Morphological and physiological responses of different wheat genotypes to chilling stress: a cue to explain yield loss

Chilling stress is one of the limiting factors inhibiting crop growth and development, resulting in the loss of grain yield. Plants tend to undergo innumerable changes in morphological, biochemical and physiological characteristics under chilling stress. In most cases, chilling stress can markedly decrease the viable leaf area and the carbohydrate production and accumulation, eventually negatively affecting the final yield. Chilling stress-induced photosynthetic inhibition might lead to photo oxidation damage, as photosystem I and II are particularly sensitive to temperature stress, and the inhibition on some components is irreversible. Is the source or the sink is restricted by chilling stress? Which factor would play a critical role to affect the yield loss? The two questions remain unclear in the anti-chilling physiology.

We hypothesized that imbalanced source-sink process could be predicted to have a large impact on yield formation in different wheat genotypes under chilling stress. In the present study, we selected six different genotypes of wheat to test this hypothesis under environment-controlled growth conditions. The objectives were: 1) to investigate morphological, physiological and biochemical responses of contrasting wheat genotypes to chilling stress; and 2) to reveal the eco-physiological mechanism of yield loss across wheat genotypes under chilling stress.
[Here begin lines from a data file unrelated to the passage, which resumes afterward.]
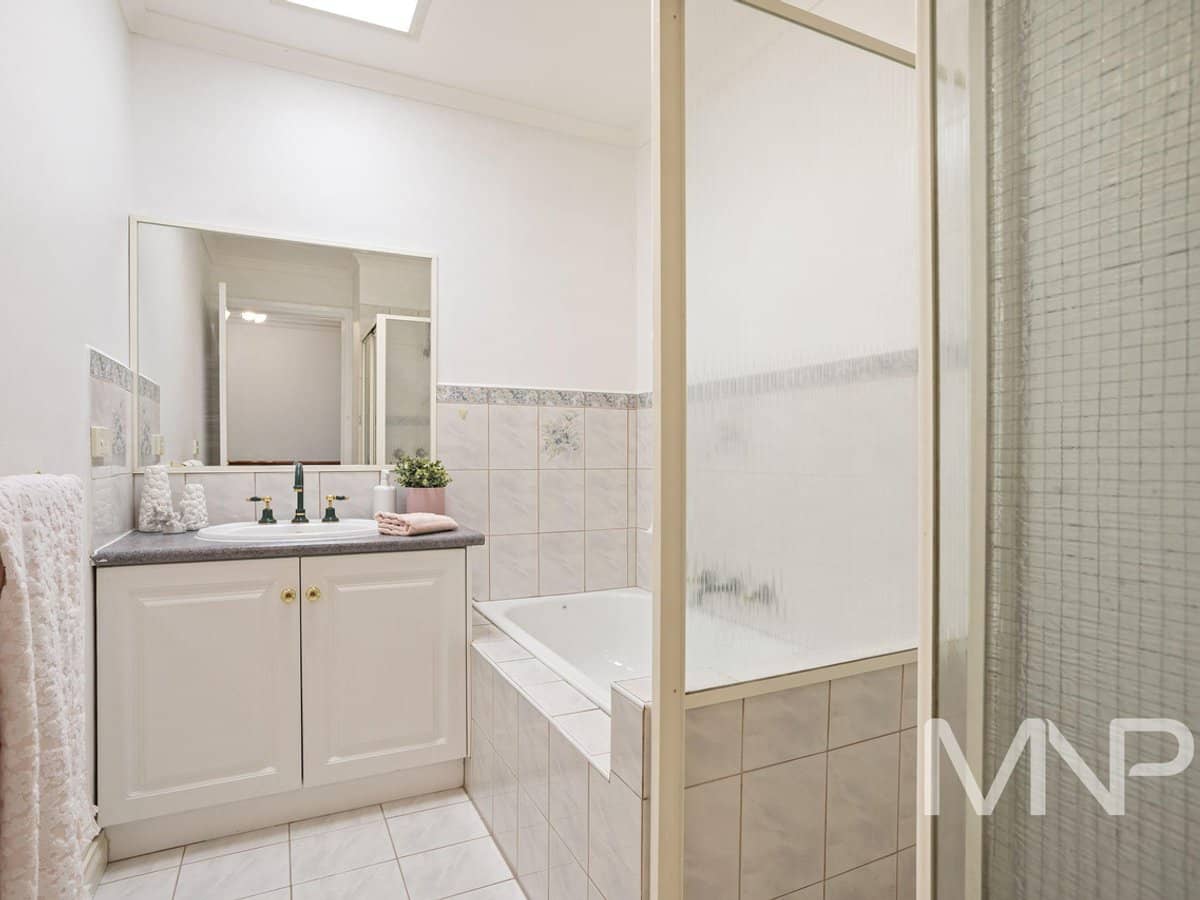 1236-1238 Old Burke Road, KEW EAST - Thumbnail 10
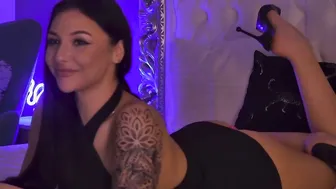 lexy_banks recorded nude video 647625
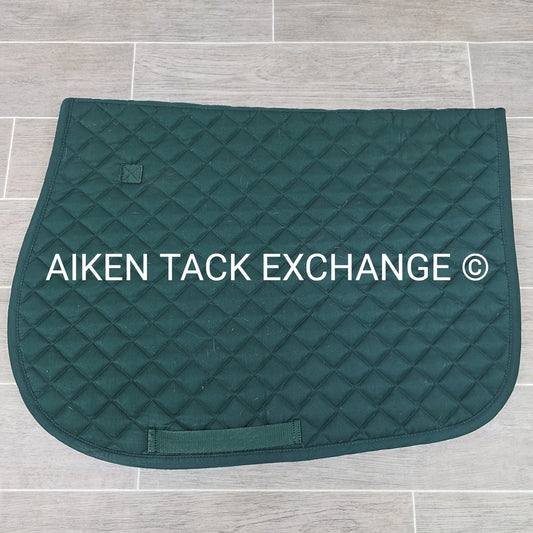 Dover Saddlery All Purpose Saddle Pad
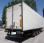 Fourgon à température dirigée (frigo) Lecitrailer FRIGO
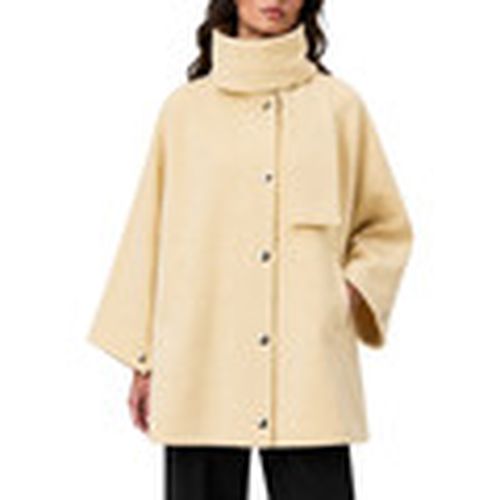 Pinko Abrigo 107182A3FT para mujer - Pinko - Modalova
Better understanding on the eco-physiological mechanisms of yield formation under chilling stress is a fundamental issue. The present study showed that diploid and tetraploid wheat genotypes obtained larger leaf areas and relatively high photosynthetic rates but eventually showed no or low yield under chilling stress. While in hexaploid genotypes, leaf areas and photosynthetic rates were remained at a low level, and water soluble carbohydrates can be stored substantially. This phenomenon help exhibit an unimpeded sink, and ensure the supply of current photosynthesis assimilates, the transportation from source to sink and sink demand, allowing these genotypes to achieve relatively stable grain yields under chilling stress. Thus, these results illustrated that the communication of source to sink was a key factor to guarantee a high and stable grain yield under chilling stress in modern wheat genotypes.